海上交通の要衝、エジプトのスエズ運河で、愛媛県の会社が所有する大型のコンテナ船が座礁し、運河が通れなくなっている問題で現地の管理当局は、座礁後、初めてとなる会見を開き、船を動かすための作業は進んでいるとする一方、通航が再開できるめどについては明言しませんでした。

エジプトのスエズ運河では、23日、愛媛県の正栄汽船が所有し台湾の会社が運航する大型のコンテナ船が座礁して運河がふさがれた状態になり、ほかの船が通航できなくなっています。

運河を管理するスエズ運河庁は、27日午後、座礁後、初めてとなる会見を開き、船を動かすために干潮時に土砂を取り除いて、満潮時にタグボートでけん引するための作業を進めていることを明らかにしました。

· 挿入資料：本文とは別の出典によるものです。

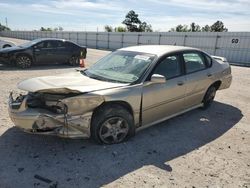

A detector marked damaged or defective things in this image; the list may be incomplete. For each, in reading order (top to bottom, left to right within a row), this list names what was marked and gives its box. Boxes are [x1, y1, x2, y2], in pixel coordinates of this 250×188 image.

会見の中でオサマ・ラビア長官は「3日目の作業で前向きな結果が得られ、コンテナ船は南に0.4度動いた」と述べ、当面はこの方法で作業を続ける考えを示しました。

一方で、作業が完了する時期については明言を避け、この方法が行き詰まった場合、船の重量を減らすため積み荷のコンテナを降ろす可能性があると説明しました。

また、座礁の原因については強風だけではないと指摘し、技術的、もしくは人為的なミスが主要な原因になった可能性があるとして、「今後の調査で明らかになる」と述べました。

運河の中や周辺で待機している船の数は321隻にのぼっているということで、物流への影響が深刻化することが懸念されます。